▸ **Goal of the exercise**: Could you reproduce, from the records below, everything from the line with "Now we're going" down to the line with "Welcome back to", keeping both of those lines and changing nothing?

▸ **Given records**:
Content starts
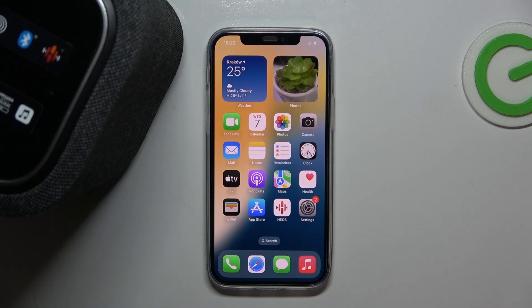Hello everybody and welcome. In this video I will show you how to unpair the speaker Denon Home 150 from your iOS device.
Content ends
Content starts
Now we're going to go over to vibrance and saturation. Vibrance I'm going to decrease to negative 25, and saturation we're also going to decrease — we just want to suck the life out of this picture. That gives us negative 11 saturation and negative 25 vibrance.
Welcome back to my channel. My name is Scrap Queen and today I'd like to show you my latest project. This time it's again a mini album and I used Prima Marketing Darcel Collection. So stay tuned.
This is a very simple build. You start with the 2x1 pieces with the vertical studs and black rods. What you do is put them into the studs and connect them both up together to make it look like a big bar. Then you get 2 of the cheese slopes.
Content ends
▸ **Result of the task**:
Now we're going to go over to vibrance and saturation. Vibrance I'm going to decrease to negative 25, and saturation we're also going to decrease — we just want to suck the life out of this picture. That gives us negative 11 saturation and negative 25 vibrance.
Welcome back to my channel. My name is Scrap Queen and today I'd like to show you my latest project. This time it's again a mini album and I used Prima Marketing Darcel Collection. So stay tuned.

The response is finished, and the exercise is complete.